**TRY IT**
The lines to return run from the one containing "2026 BMW X6 M60i" through the end of the material; give them exactly and leave out the pictures.
========
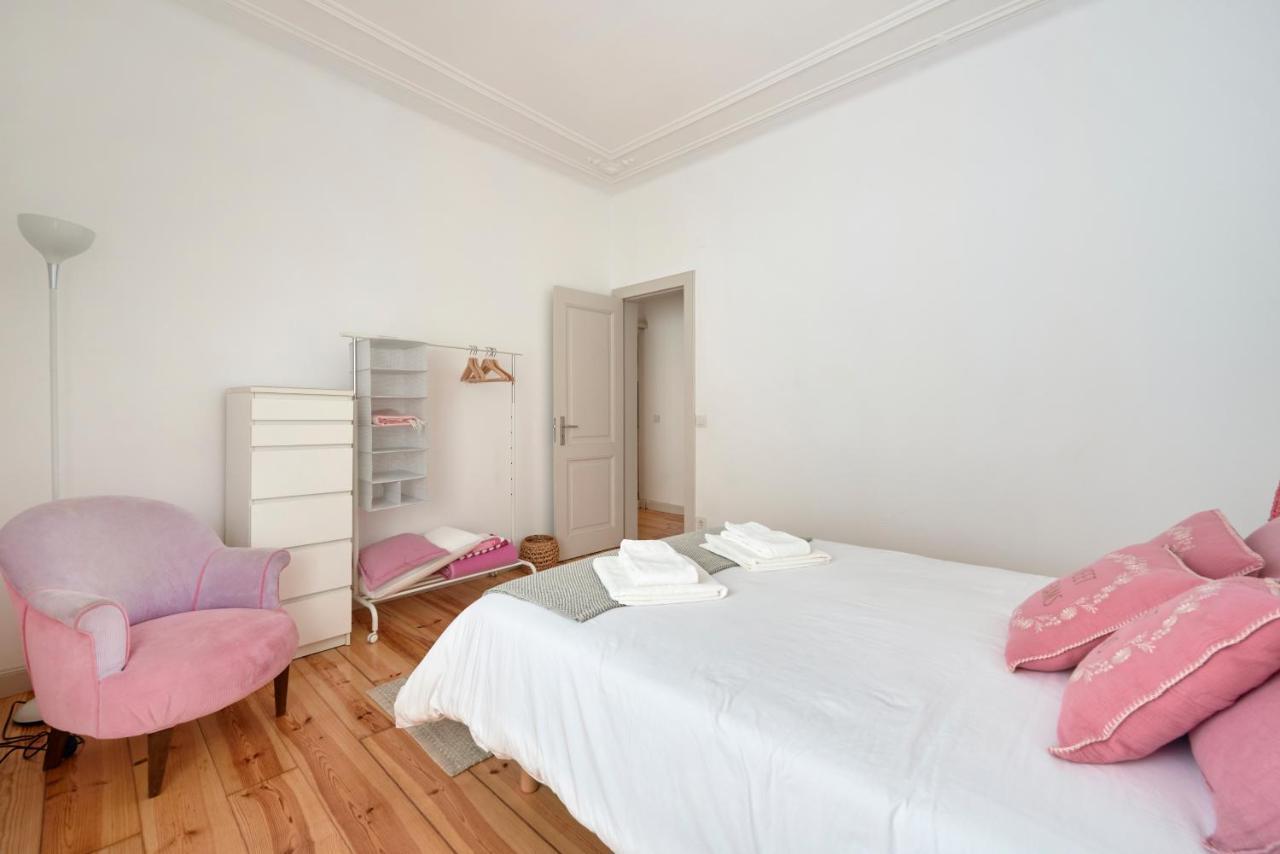 Sunny Apartment With Balcony! Lissabon Exterior foto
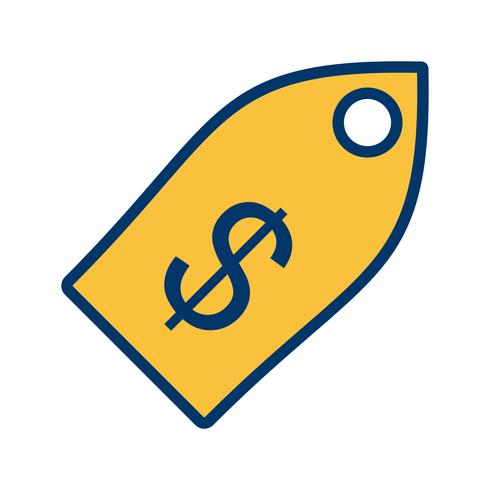 Business Tag Vector Icon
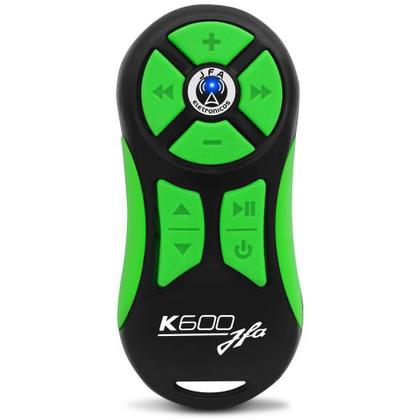 Imagem de Controle Longa Distancia Jfa Preto Com Verde K600 M Remoto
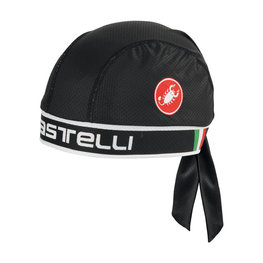 CASTELLI Kerékpáros bandana - LIGHT HEAD - fekete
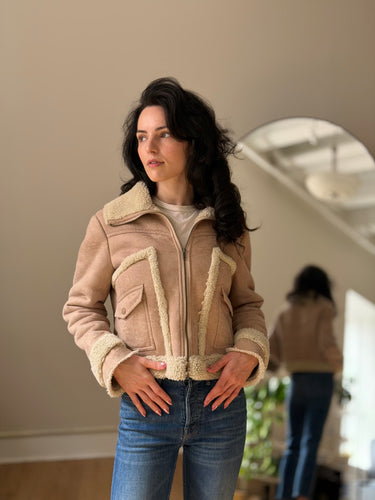 Mother The Drawstring Drifter Jacket, Small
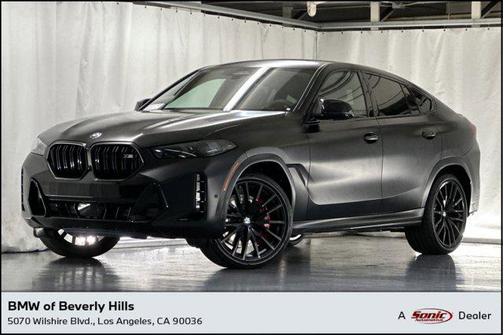 2026 BMW X6 M60i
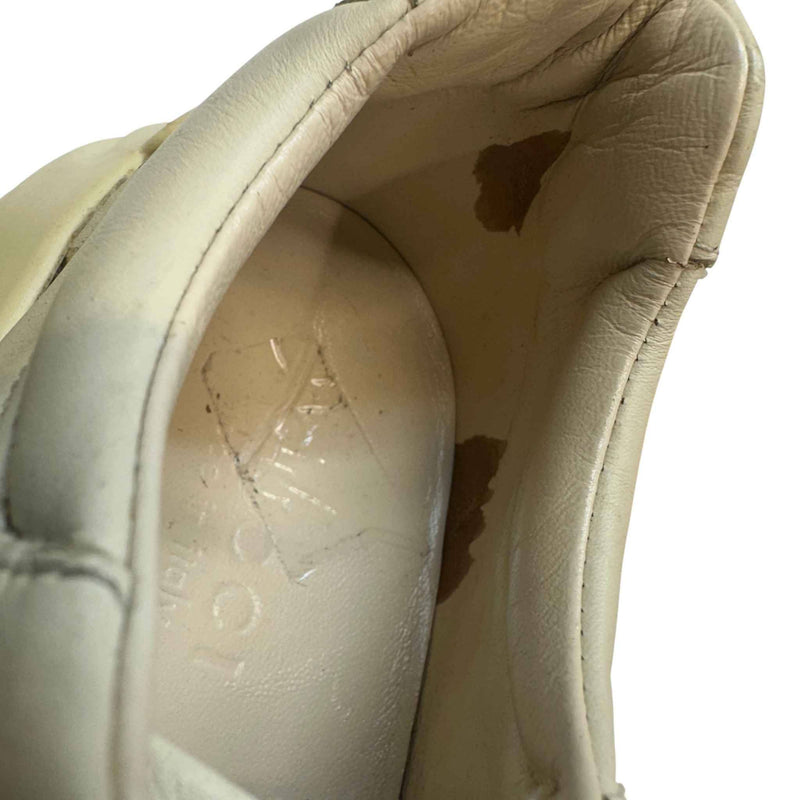 Men's Rhyton Low Trainers Beige Size EU 42.5 / UK 8.5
========
**RESPONSE TO THE EXERCISE**
 2026 BMW X6 M60i
 Men's Rhyton Low Trainers Beige Size EU 42.5 / UK 8.5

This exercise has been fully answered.